Starring: Sharlto Copley, Tim Roth, Haley Bennett

Review by Gilbert Seah

Ilya Naishuller’s HARDCORE HENRY, produced by Timur Bekmambetov, best known as the director of the Russian action sci-fi big production NIGHT WATCH trilogy moves along with the same pace as Timur’s films, and like them, boredom sets in pretty fast. In HARDCORE HENRY, the novelty of the gimmick film begins to wane after 15 minutes or so.

But still credit should be given to wunderkind music video wiz director Ilya Naishuller for his ingenuity and hard work in keeping his film consistent. And it is difficult work, undoubtedly.

HARDCORE HENRY is shot form the point of view of the protagonist, Hardcore Henry a half man half machine, resurrected from the dead by his British wife (Haley Bennett) for whatever reason that is never made clear, just as it is not made clear why the spouse is a Brit.

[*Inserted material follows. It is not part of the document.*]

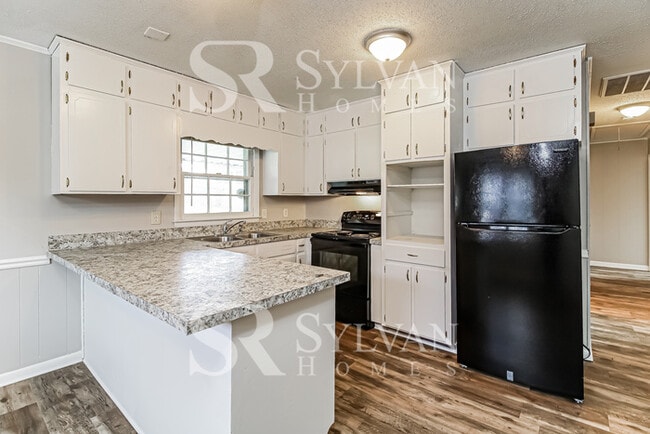 Building Photo - The Lifestyle You Deserve.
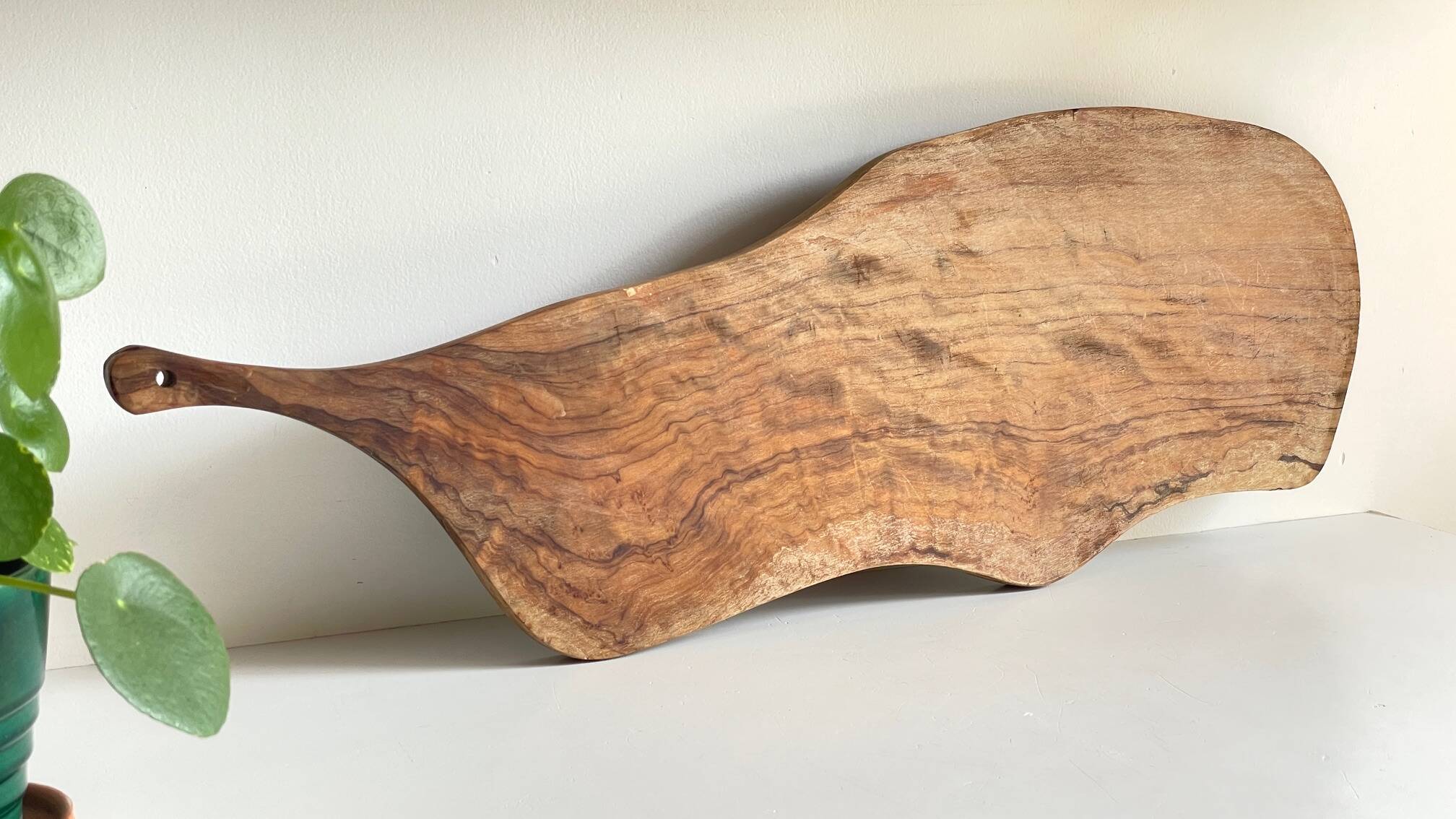 XL Vintage Olive Wood Cutting Board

The camera acts as if placed in his eyes and as Henry moves around fighting punks, a dozen a minute, as the audience gets to see the beaten up victims, thrown around. The audience also gets to see Henry’s legs and arms and what the man would see. If Henry scales a wall, the audience has Henry’s point of view doing it. Unfortunately, because of the mishap of the past, Henry is unable to speak at the start. Also, Henry is at odds as what is gong on, and why everyone is trying to kill him, led athirst by a guy called Akan (Danila Kozlovsky). Also, a weird guy called Jimmy (Shalto Copley) keeps appearing at odd times, trying to help, or is he?

HARDCORE HENRY does have a good start though. The audience experiences Henry as his arms and legs are screwed on to him, just as he is voice activated by his wife. Suddenly the lab or hospital as the case may be is stormed by Akan. Henry and his wife are propelled out in some space module from a spaceship of some sort. It all works so amazingly, but only till then. It is 15 minutes into the movie.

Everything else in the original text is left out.